Karma was in full force at Findlay Market on Saturday morning. Or love. Or God, or just a neat sense of community. Whatever it was, it felt good.
Findlay is very much a community, and we're very much a part of it. We chuckle at all the predictable habits of the regulars (fully recognizing that we're just as much in that camp and probably chuckle-worthy ourselves). There's the annoying woman who's kind of loud and always talks with the vendors when plenty of other people are standing in line. The tiny, stooped elderly woman who's always impeccably groomed with pulled-back hair and a sort of garish coral lipstick (she wears it well). The group of four men, with their penny loafers and ruddy cheeks, who move en masse down the aisle. The neighborhood folks towing wheeled shoppers.
And then there's Julie. Julie sells Street Vibes every Saturday morning, and she knows no strangers. Everyone who buys Street Vibes from Julie gets a hug. I suspect that others do what Rob does and slip her a five for the one-dollar paper. Julie is a fixture, and she's unfailingly upbeat. Which is why, a couple of weeks ago, her distress at losing her apartment thanks to a deadbeat landlord who blew off his mortgage payments was so real. She fretted over having to find a new place, to come up with the hundred and fifty bucks or so she needed for a moving truck, to find several hundred for a security deposit. Two weeks ago, Rob folded two twenties together and passed them off to her; she didn't even notice.

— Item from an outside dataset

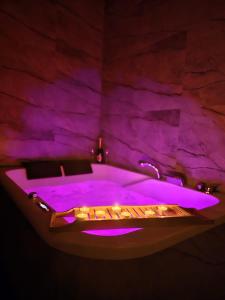 a bath tub with purple lighting in a room at Centrum jacuzzi prywatny parking klimatyzacja 1 in Radom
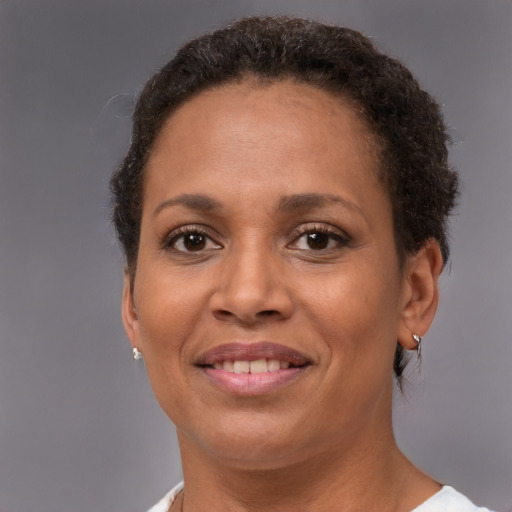 Joyful black adult female with short  brown hair and brown eyes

Yesterday, she was there, with Easter cards for both of us and a gift for me (she didn't find for Rob exactly what she was looking for). It's a red nylon jacket, something that I don't need and that she had no business spending on. But next weekend and while it's still cool out, I'll wear it (she thoughtfully chose my size and favorite color). We were both in tears.
All told, the market was in fine form ... the lady from Thistlehair Farm was there for the first time with lettuce and greens; several of the other small vendors had moved outdoors. The nursery guy was there with pansies. I bought. I planted.
And I planted in the vegetable bed, too. I turned over the soil and added organic compost, then leveled everything off. Three kinds of lettuce, carrots and radishes (that's a post for another day) went into tidy rows marked with white plant labels. The garden doesn't look like much right now ... it just looks like potential, possibility.